Freitag, 28. April 2023

Zauberhaft

 

Mit den Geschlechtern wird es bekanntlich immer schwieriger. Nicht nur ist die Genderei eine heikle Geschichte, weil wir halt im Deutschen leider mit grammatischen Genera geschlagen sind, die – Überraschung! – nur bedingt etwas mit Gender oder gar Sexus zu tun haben. Als Charles III. (was ist eigentlich ein König, der noch nicht gekrönt ist? Ist der „designierter König“? Immer noch „Thronfolger“? Antwort: Er wurde mit dem Ableben der Queen automatisch König, die Krönung ist mehr so eine amtliche Stampiglie auf das Königtum), als also Charles III. bei seinem kürzlichen Deutschlandbesuch mit „Majestät“ angeredet wurde, wollte ihm gewiss niemand eine Vulva unterstellen, da kann die Majestät so weiblich sein, wie sie will.

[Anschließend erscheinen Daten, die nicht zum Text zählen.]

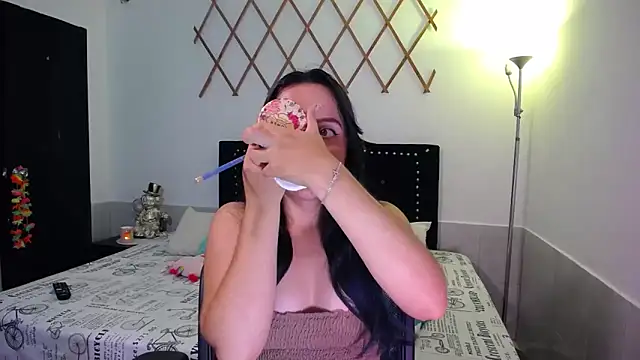 naughty girl 4u online show from 1, 10, 2025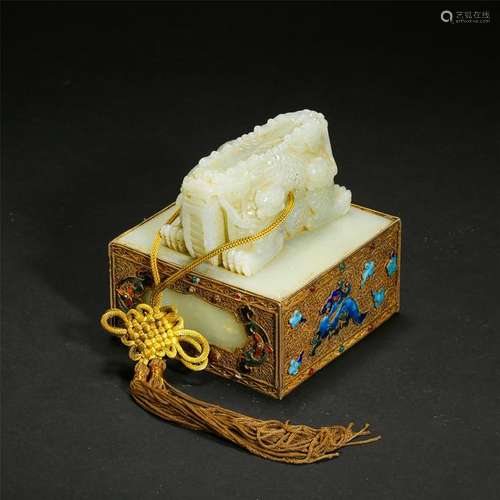 CHINESE WHITE JADE BEAST SEAL WITH GILT SILVER ENAMEL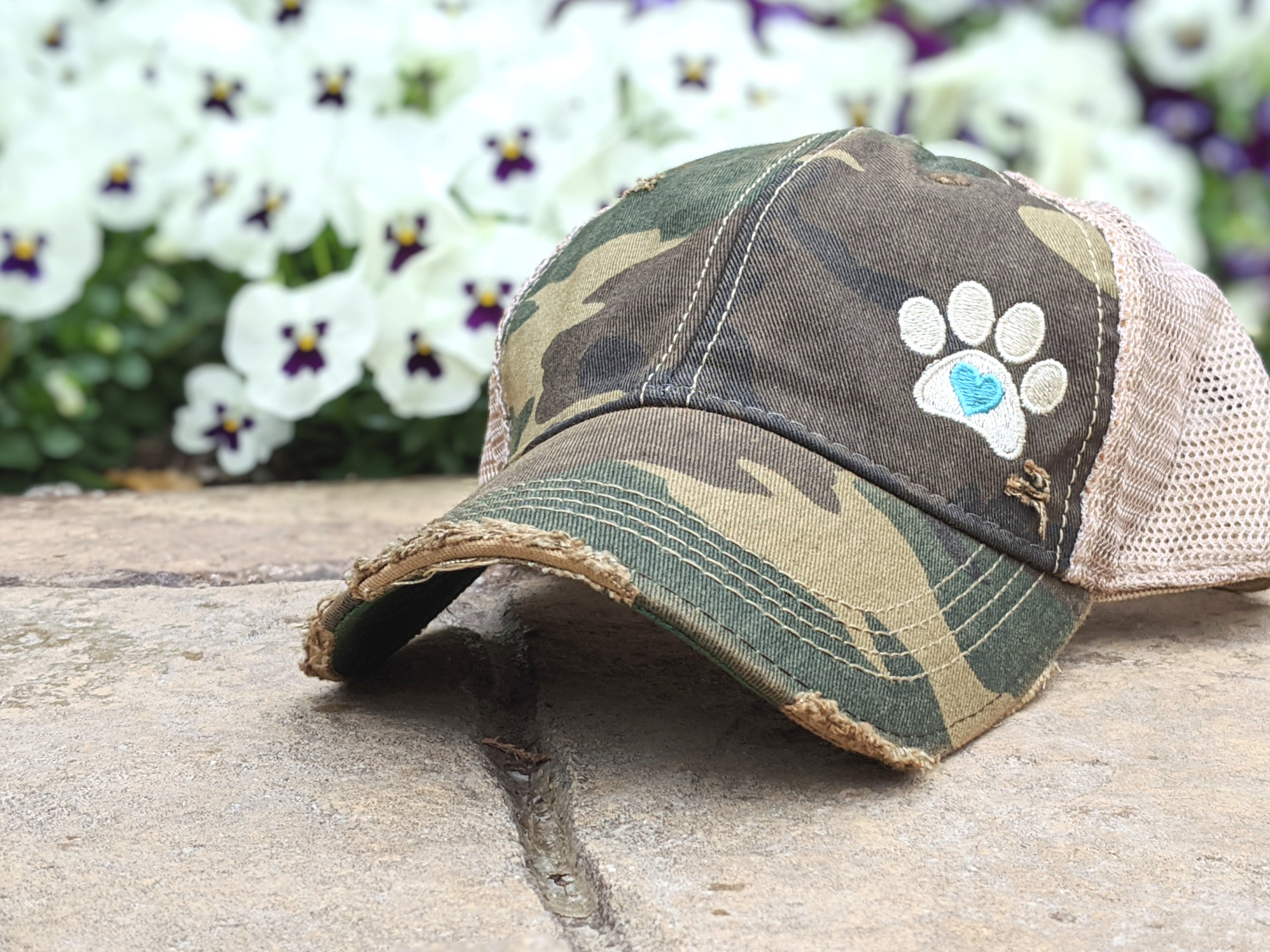 paw print hat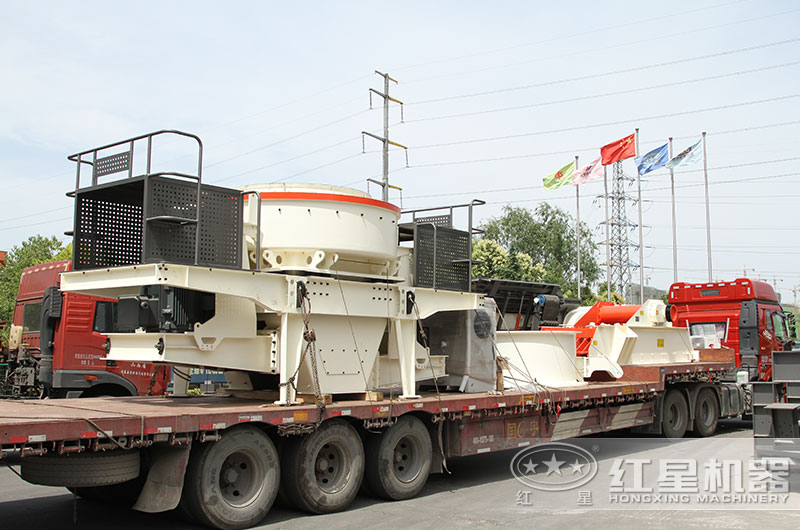 沖擊式破碎機設備裝車發貨 沖擊式破碎機設備裝車發貨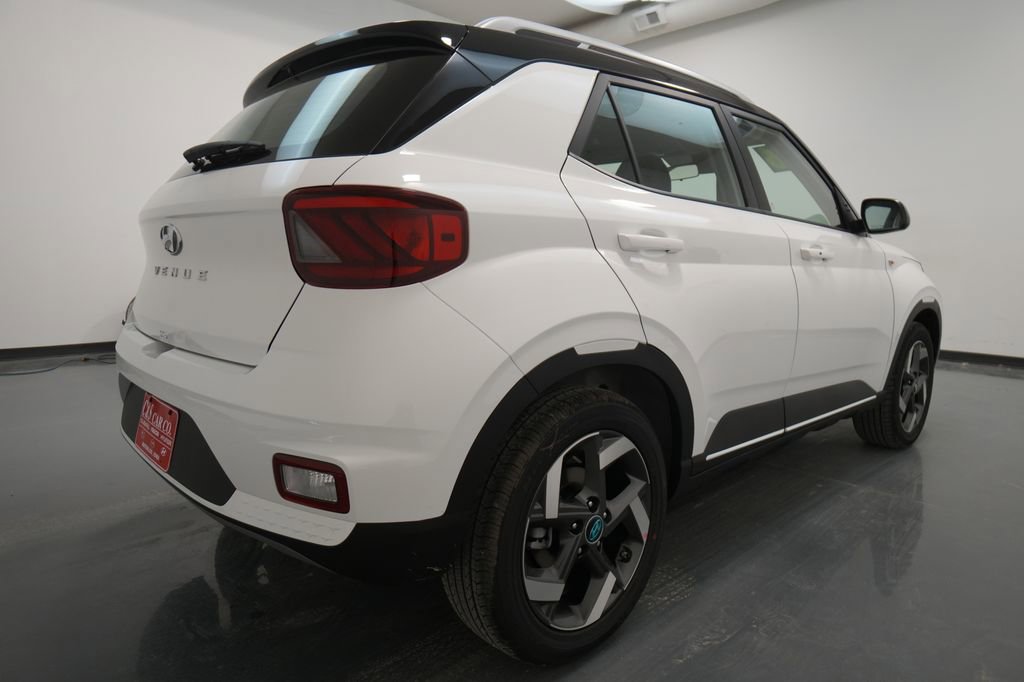 New 2026 Hyundai Venue SEL image 7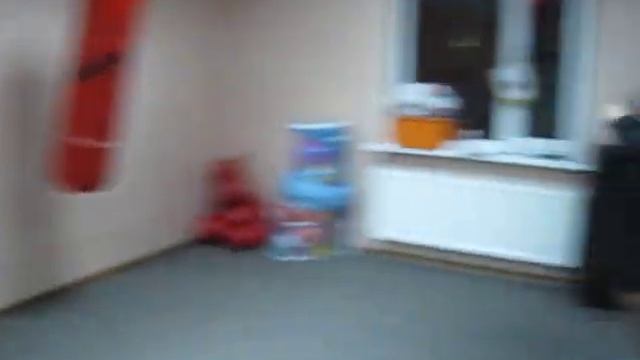 Тренировка по боксу в Островцах School of boxing in Ostrovci смотреть онлайн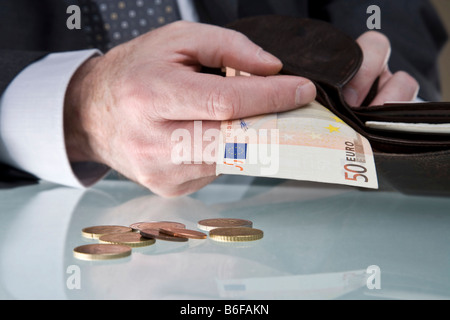 Mains d'un homme d'argent comptant Banque D'Images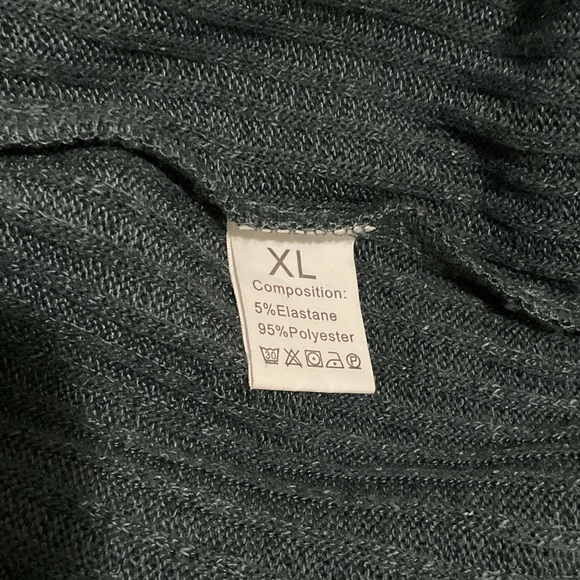 Dark Green Sleeveless V-Neck Romper - Picture 4 of 4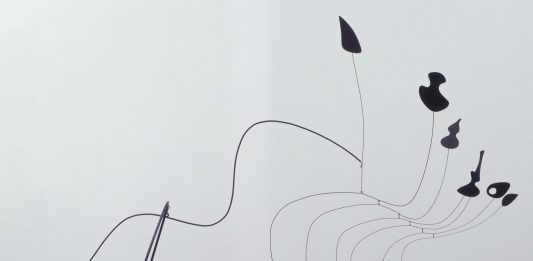 Alexander Calder toca el theremin: el proyecto de Dorit Chrysler en el MoMA de Nueva York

Manchmal begegnen einem aber weibliche Wesen, wo man jetzt echt nicht damit gerechnet hätte. Feen zum Beispiel. Die kennen wir ja aus dem Märchen: aufgetakelte Tanten, von denen man sich drei Dinge wünschen darf, aber „unbegrenzte Wünsche“ zählt nicht als Wunsch. Und das sind noch die guten Feen, böse gibt es auch. Die wünschen einem dann was an, das man nicht brauchen kann, Warzen oder eine GIS-Anmeldung.

Es gibt aber noch eine dritte Sorte, wie euer Ergebener kürzlich gelernt hat: Es handelt sich um die Handlingfee. Schaut ruhig zweimal hin.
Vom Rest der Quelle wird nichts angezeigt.